(Captioned web image data)
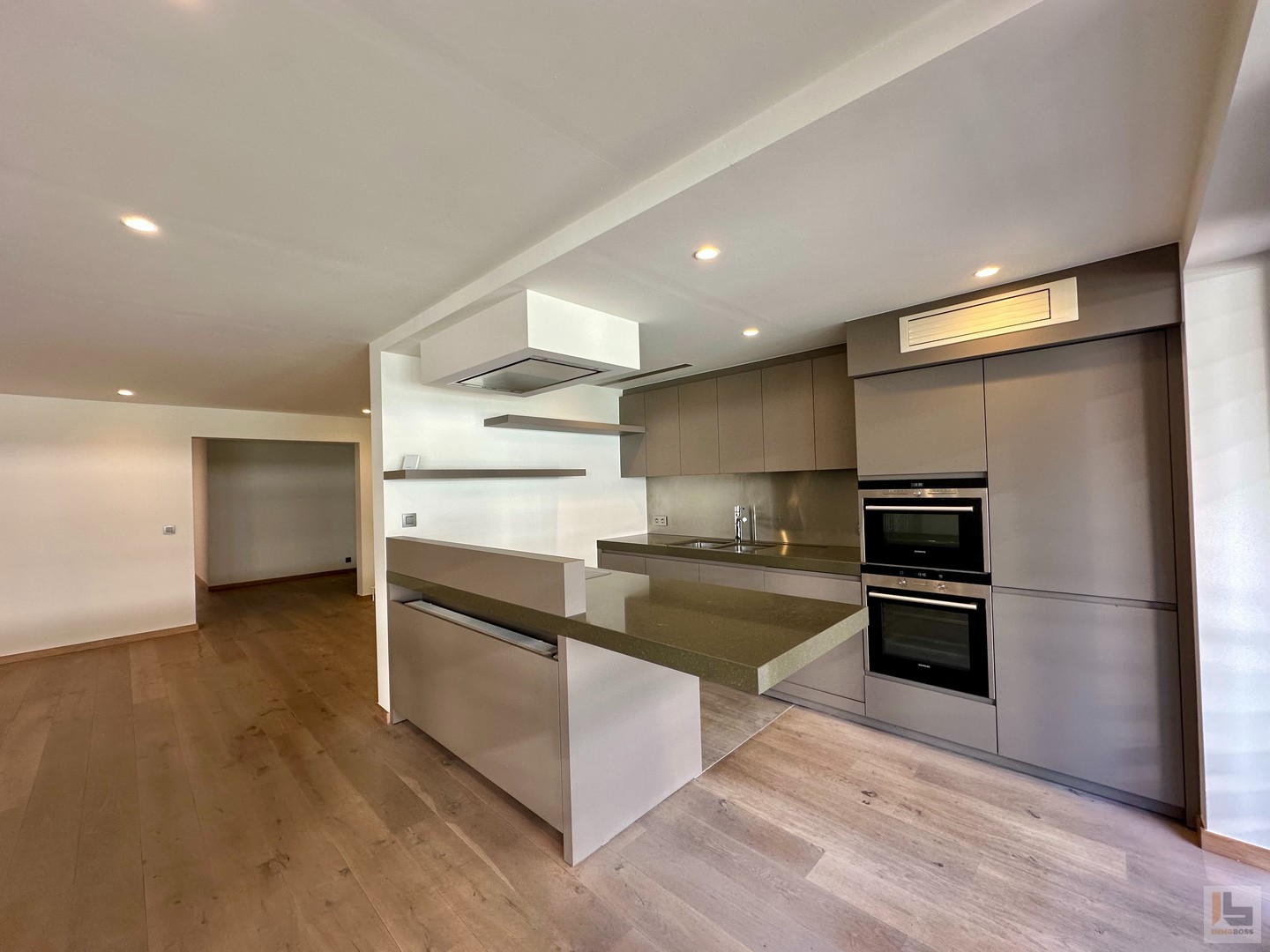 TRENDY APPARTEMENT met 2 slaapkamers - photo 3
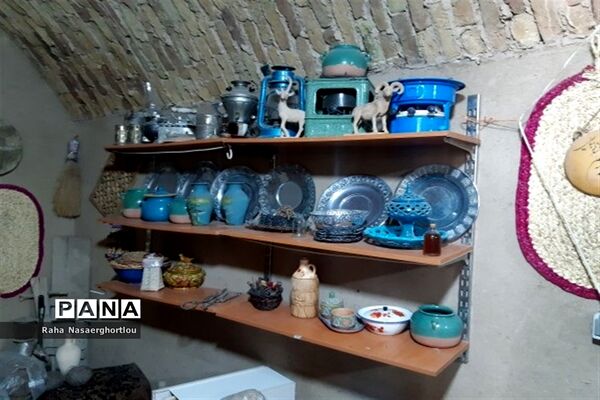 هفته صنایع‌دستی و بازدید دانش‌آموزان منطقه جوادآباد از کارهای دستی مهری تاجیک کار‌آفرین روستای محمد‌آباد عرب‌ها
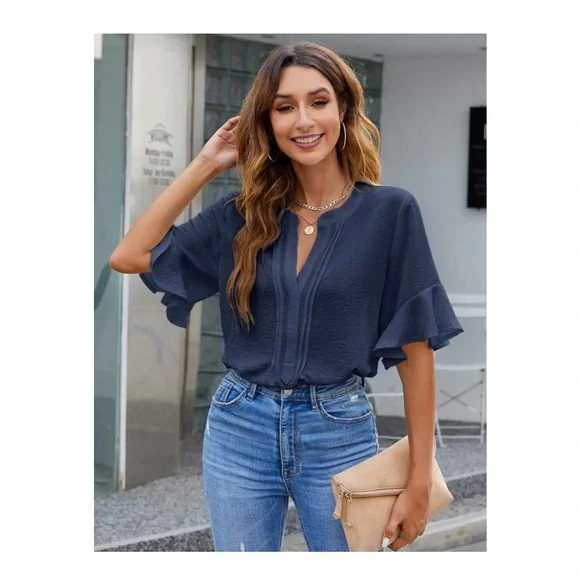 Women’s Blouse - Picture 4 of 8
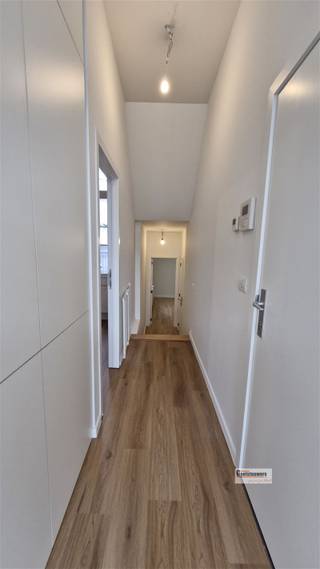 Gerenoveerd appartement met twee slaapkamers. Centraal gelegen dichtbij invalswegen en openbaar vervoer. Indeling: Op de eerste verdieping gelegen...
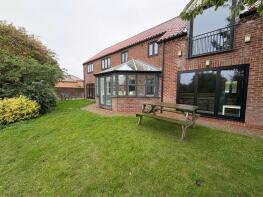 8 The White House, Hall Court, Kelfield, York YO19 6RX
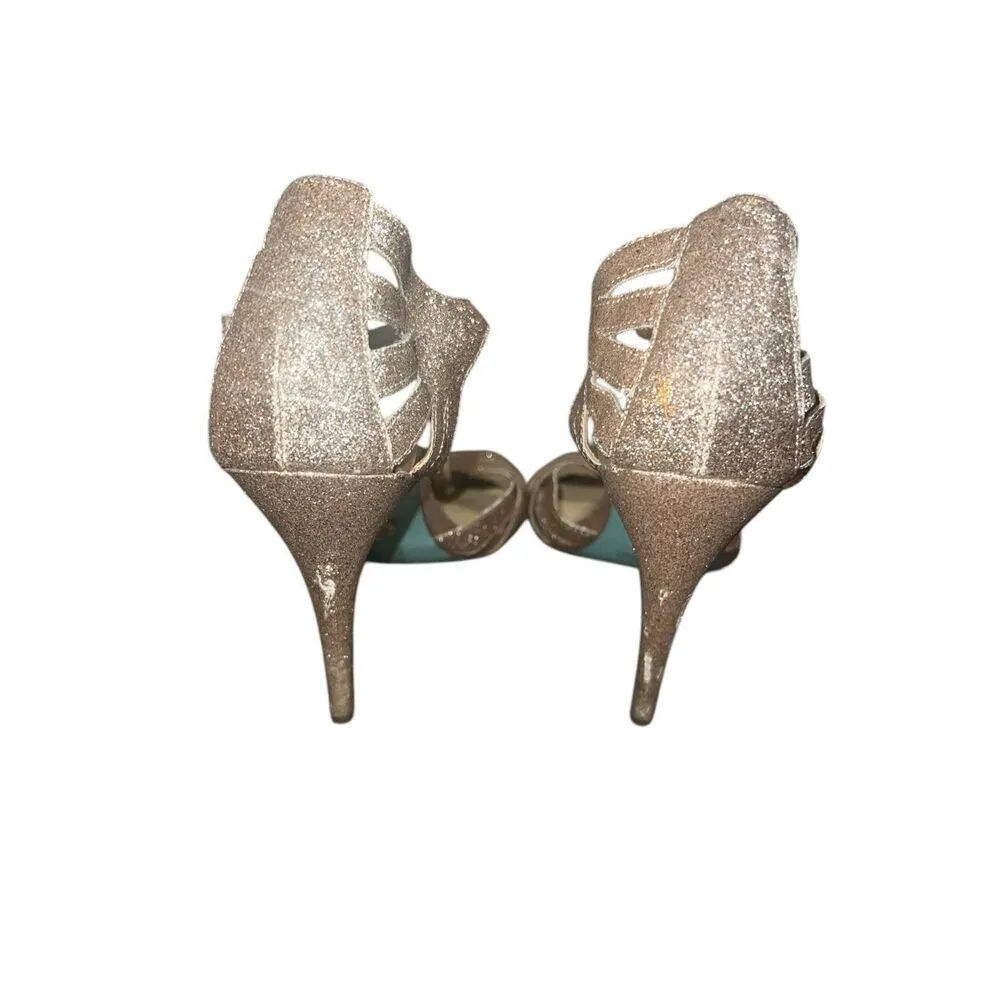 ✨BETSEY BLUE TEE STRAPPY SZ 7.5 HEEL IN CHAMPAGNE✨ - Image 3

**Exercise description**
Every record above should reappear exactly, with the pictures gone.

**Solved problem**
 TRENDY APPARTEMENT met 2 slaapkamers - photo 3
 هفته صنایع‌دستی و بازدید دانش‌آموزان منطقه جوادآباد از کارهای دستی مهری تاجیک کار‌آفرین روستای محمد‌آباد عرب‌ها
 Women’s Blouse - Picture 4 of 8
 Gerenoveerd appartement met twee slaapkamers. Centraal gelegen dichtbij invalswegen en openbaar vervoer. Indeling: Op de eerste verdieping gelegen...
 8 The White House, Hall Court, Kelfield, York YO19 6RX
 ✨BETSEY BLUE TEE STRAPPY SZ 7.5 HEEL IN CHAMPAGNE✨ - Image 3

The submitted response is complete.